I decided the best way to finally trap the vampires was to set myself up as bait. I cut myself in the leg -- not deep, but enough that I cursed with each step, and left a thin line of blood from the edge of an alley where I knew they were sometimes seen and off into the dark of the night.

They came for me. They came in force, and the numbers doubled as other local vampires joined them, and I learned for the first time that my blood was not quite like that of other humans. They had always come to me before, but I had not considered it more than normal. I had not hunted vampires in this largue a group, either. Now I saw something different. The scent of my blood drew them like a starving man to a feast.

I survived because I changed, bit and tore at everything that came near me, and finally ran. But I bled and they followed, and it was two days before I got to the Tiber River on a stormy night and swam -- upstream, not down, where they expected me. The river water diluted the scent.

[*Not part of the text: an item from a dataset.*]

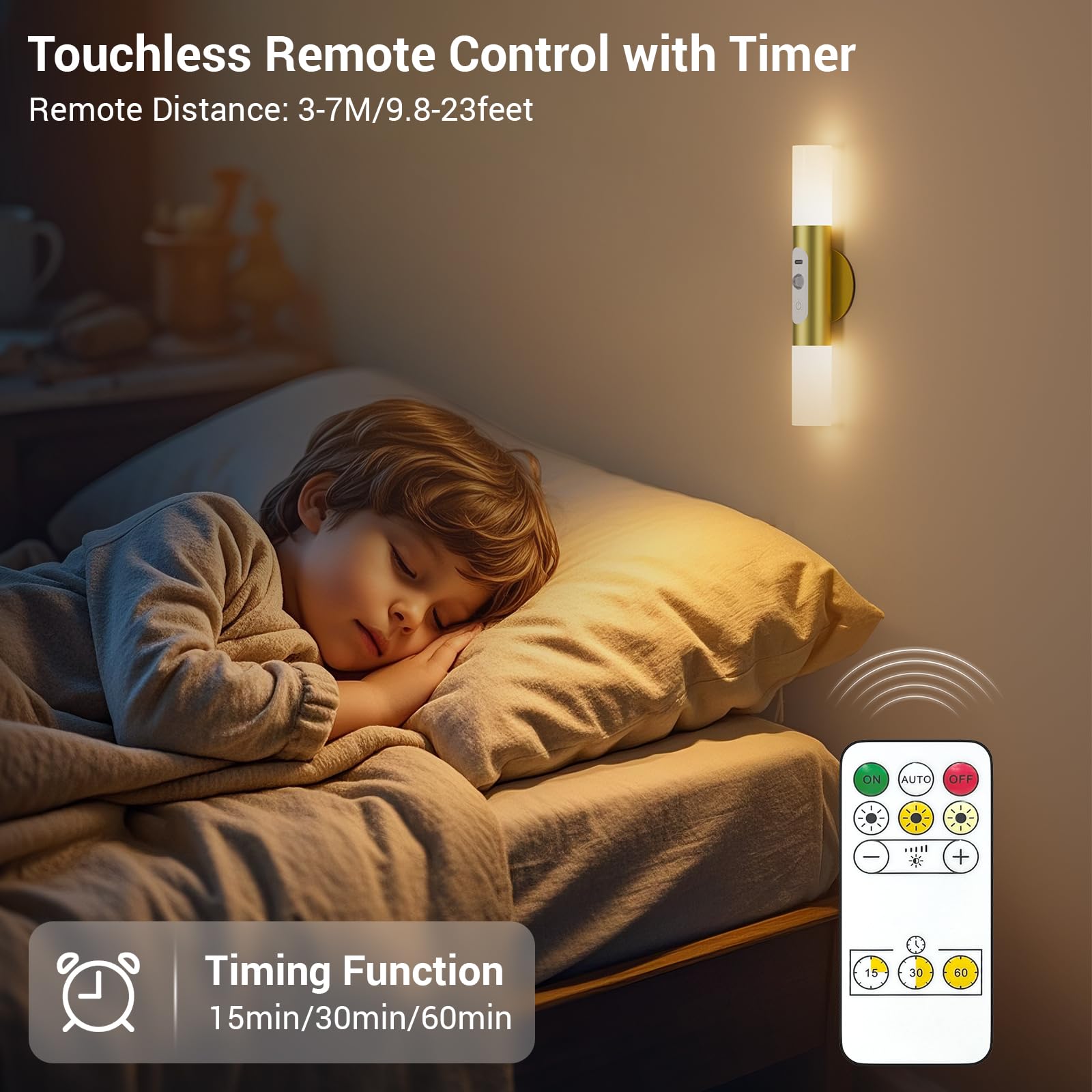 Hensam Motion Sensor Wall Sconces, LED Rechargeable, Remote Control, Gold, Set of 2, Model CL-K67-A-Gold-DE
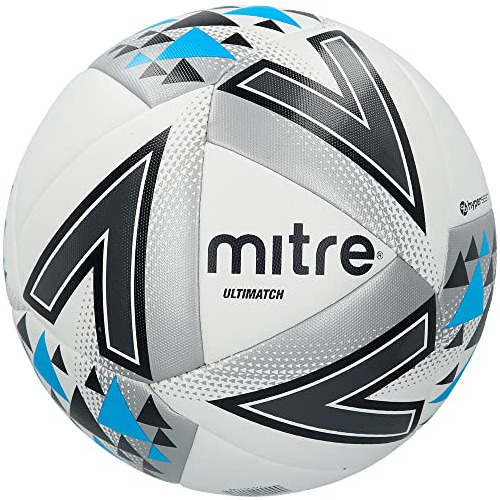 Mitre Ultimatch Match Soccer Ball, White Blue, 3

I nearly died before I dragged myself out of the water -- I had to change to do it, and almost couldn't, I had lost so much strength. Oh, I thought the locals, being Roman and found of wolves in their own ways, might care for me in that form, but I needed hands to grab and drag myself out. And then I had to find and steal clothing, or else go to the wolf again -- a naked man running through the streets wasn't going to get the same reaction as a wolf.

The first cloth I found, I bound every wound I had. Then I headed out of Rome. It was nearly twenty years before I returned and finally dealt with the group, though I took it slowly this time.

I couldn't give up the hunt, you see. It's part of me... I must hunt. And so I have made a deal with the wolf and we only hunt one prey: Vampires.

And so, here I was... still on the hunt, and still doing stupid things.

"Are you hurt?" a soft, beguiling voice said next to me. They're quick and they're quiet, the vampires.

I looked back at her and offered a little smile. "Nothing serious."

"Oh, but you're bleeding," she said. The tip of her tongue came to the edge of her teeth, very nearly licking her lips. "Here, let me help."

Her long, fingered hand reached toward my wrist. I knew the kind of power in that deceptively fragile looking hand and I drew back at the last moment.

"Is he all right?" another voice asked, coming up to the other side.

They were starting to encircle me. I took a step to the side, putting the two women closer together where I could keep an eye on them. One of the males came to join them, and then another, and we were going to have quite a little crowd here soon and draw attention if they didn't move soon.